# Stanky Grease



## my3nme (Oct 9, 2007)

Did a little fishing. Grouper, mahi, wahoo and caught 2 snapper which was enough


----------



## 2RC's II (Feb 2, 2012)

Well dang!


----------



## JoeyWelch (Sep 25, 2009)

Who needs snapper when you got that!!

For bait maybe. Well done. Pretty fishes.


----------



## Reel Sick (May 4, 2009)

McPig lol nice grouper capt.


----------



## Bodupp (Oct 3, 2007)

Somebody is giving Jason a run for his money with that shirt! Hell, the whole outfit is awesome.
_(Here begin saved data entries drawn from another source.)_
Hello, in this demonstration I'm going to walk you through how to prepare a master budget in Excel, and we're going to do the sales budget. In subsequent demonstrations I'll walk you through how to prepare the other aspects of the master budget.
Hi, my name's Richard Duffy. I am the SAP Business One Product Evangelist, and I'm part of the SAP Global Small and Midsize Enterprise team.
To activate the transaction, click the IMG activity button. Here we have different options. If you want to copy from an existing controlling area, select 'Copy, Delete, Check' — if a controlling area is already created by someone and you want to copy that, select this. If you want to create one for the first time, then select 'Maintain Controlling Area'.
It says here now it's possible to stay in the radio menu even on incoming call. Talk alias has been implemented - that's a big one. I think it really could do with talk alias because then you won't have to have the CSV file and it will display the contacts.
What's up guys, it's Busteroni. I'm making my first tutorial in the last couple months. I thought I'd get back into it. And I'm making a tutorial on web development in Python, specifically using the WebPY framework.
Nice catch btw. :thumbsup:


----------



## WhyMe (Apr 21, 2013)

I do agree. I'd toss back those Snapper and keep the rest. Nice.
Whyme


----------



## Chapman5011 (Mar 7, 2013)

It's a fish finder screen shirt.


----------



## ebbtide (Oct 7, 2007)

*Nice catch*

Great catch why doesn't anyone look really happy.


----------



## my3nme (Oct 9, 2007)

Here's one more. Yall don't be hate'n on that outfit


----------



## my3nme (Oct 9, 2007)

ebbtide said:


> Great catch why doesn't anyone look really happy.
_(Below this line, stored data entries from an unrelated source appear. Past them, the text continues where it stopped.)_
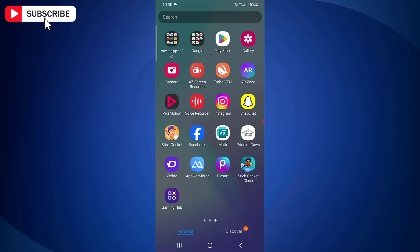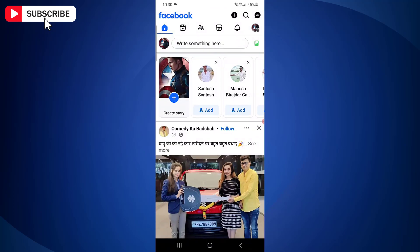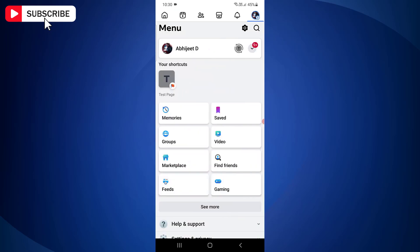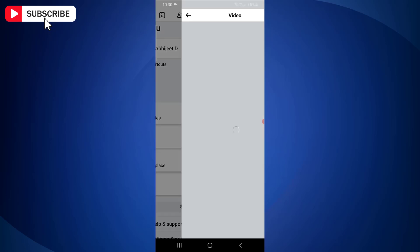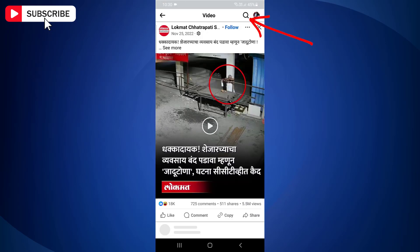First open Facebook app on your Android mobile. Now go to menu by tapping on profile icon at the top right side. Next tap video. At the top tap search icon.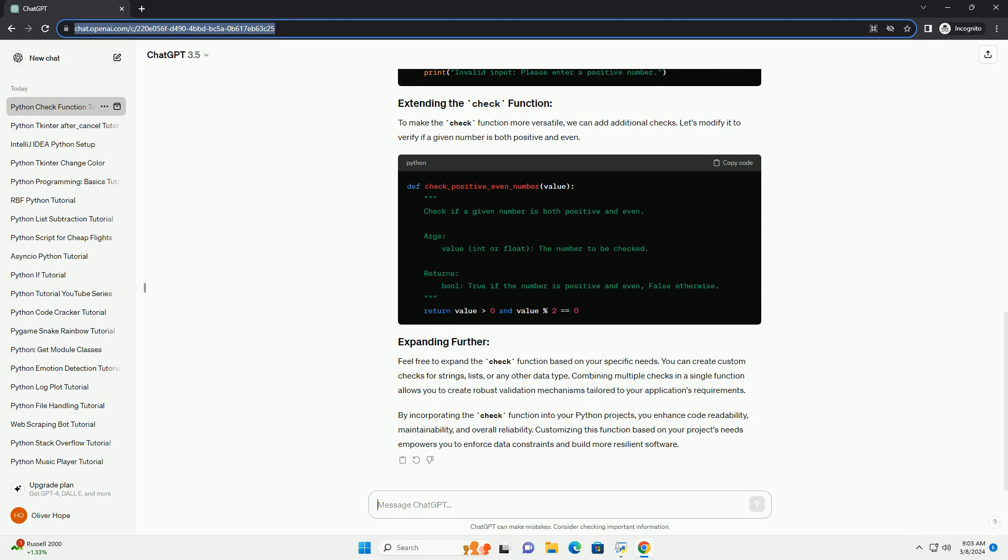To make the check function more versatile, we can add additional checks. Let's modify it to verify if a given number is both positive and even.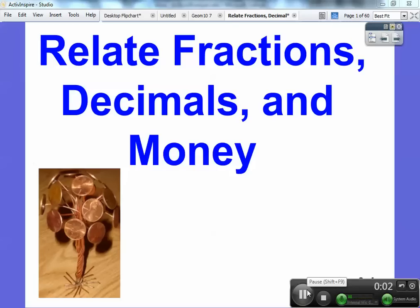Hey, everybody. This is Mr. Math Blog. This lesson is on relating fractions, decimals, and money. This is lesson 9.4.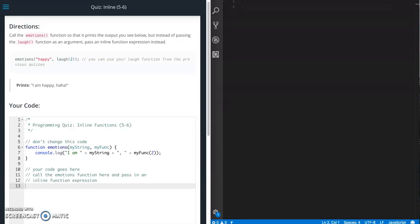This is Jason with Glitch in the System. Today we are going to work on the inline quiz from Udacity's front-end web developer course for the JavaScript section.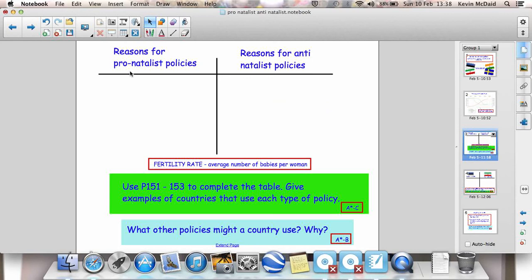Back to pronatalist and antinatalist policies — possible reasons for each one. Antinatalist policies: there's pressure on homes, pressure on health care, pressure on benefits, pressure on education, and overcrowding in urban areas. All these are reasons why governments need to adopt antinatalist policies.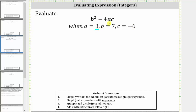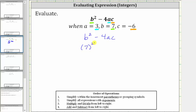We substitute three for a, seven for b, and negative six for c. So beginning with the given expression, we perform the substitution: b squared is seven squared, and then we have minus four times a times c, which gives us minus four times a, which is three, times c, which is negative six.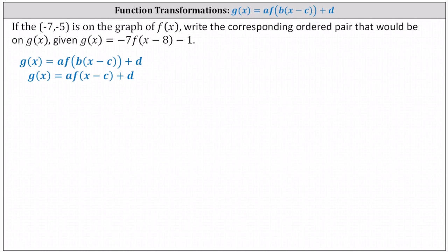If the ordered pair negative seven comma negative five is on the graph of f of x, write the corresponding ordered pair that would be on g of x, given g of x equals negative seven times f of the quantity x minus eight minus one.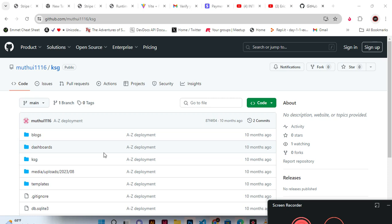One thing we should understand is that our previous project had no responsiveness, but we talked about things that can make our project responsive. One of them was called the CSS grid, the flexbox, and bootstrap, but I have chosen the bootstrap.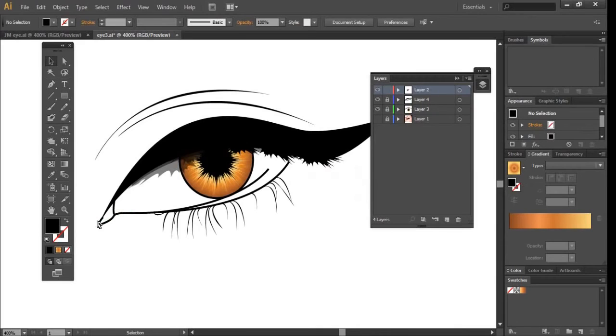We're almost done. Now we're going to fill in the white part of the eyeball and fill in the inner eyelid as well as the corner of the eye.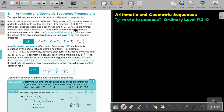The number added to each term of an arithmetic sequence is called the common difference. If you subtract the values of any two successive or consecutive terms, you will always get this common difference. So if you say the front minus the back — T2 minus T1, T3 minus T2 — you will always get the same answer. For example, 6 minus 3 is 3, 9 minus 6 is 3, 12 minus 9 is 3.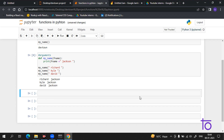Now coming to the next concept: the number of arguments. By default, a function must be called with the correct number of arguments. Meaning that if your function expects two arguments, you have to call the function with two arguments — not more, not less — otherwise it will give you an error.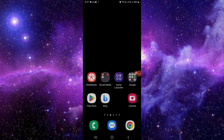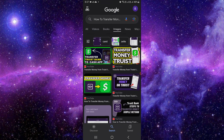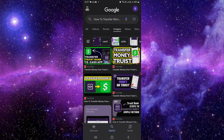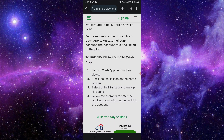Hello and welcome back to my channel. In today's video I will show you how to transfer money from TrueShort to your Cash App. So let's get started. First of all, we will download the TrueShort app on our phone, and then we have to open the TrueShort app and link our Cash App from our mobile.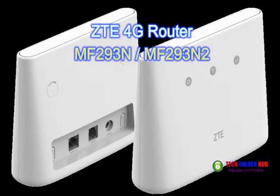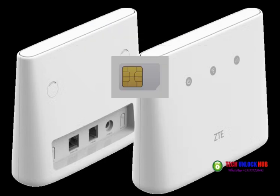Once you have the unlock code, let's begin unlocking your ZTE 4G router MF293N. Insert a SIM card from a different network provider and power on the router. For example, if your router is from Vodafone, insert an MTN SIM card, or vice versa.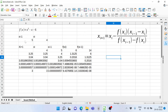Remember: whatever initial values you take, if there is a root in the close neighborhood, the method will converge. However, if in the close neighborhood of your chosen values there is a minimum of the function instead of a root, the method will diverge. So be careful — you must select the two initial values close to the root.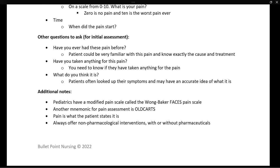Pain is what the patient states it is. It is not up to us to judge or add our own filter to what they report. Finally, know your non-pharmacological interventions for pain — these can often be implemented right away, without a doctor's order, and with or without the additional use of medications for pain.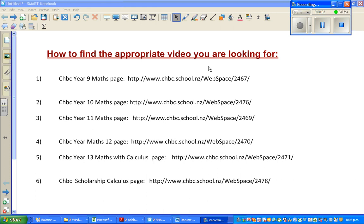Hello friends, I thought of making this video to inform you how you can find the appropriate videos that you're looking for.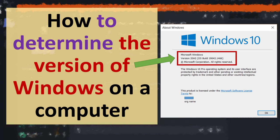Hi everyone, in this tutorial I'm going to be showing you how to determine the version of Windows on your machine.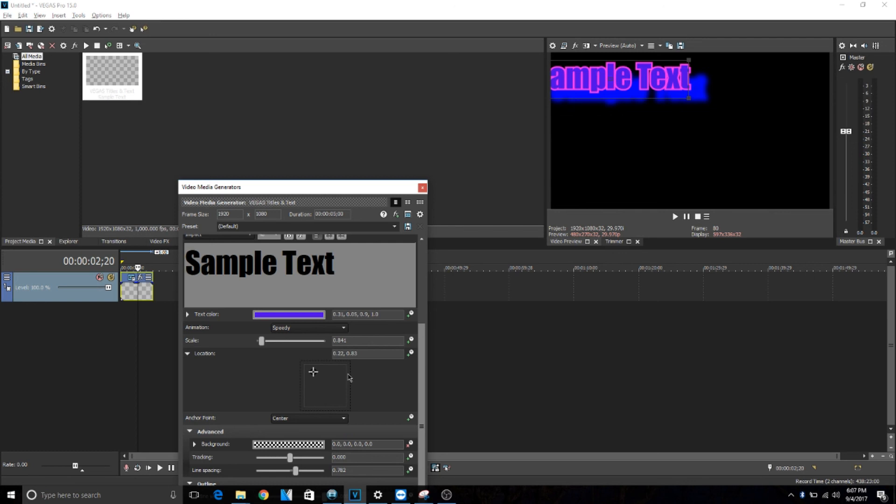So make sure you guys leave a like and subscribe and turn on the push notifications so you can actually see when I upload a video and you can be filled in with the new Vegas Pro 15 updates. So yeah, see you guys next time.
That was happy face. I had been up since 3:45 and by the pics I was worn out


----------



## fishsticker (Jan 11, 2009)

Quality fish. Nice catch


----------



## Boardfeet (Sep 27, 2007)

That Yellow Edge Grouper is some fine table fare!!
Really nice catch and Cool outfit


----------



## Fishhead706 (Apr 26, 2009)

Great fish. Is the little guy the same angry big buck killer from the hunting section of the forum? Great job out there!


----------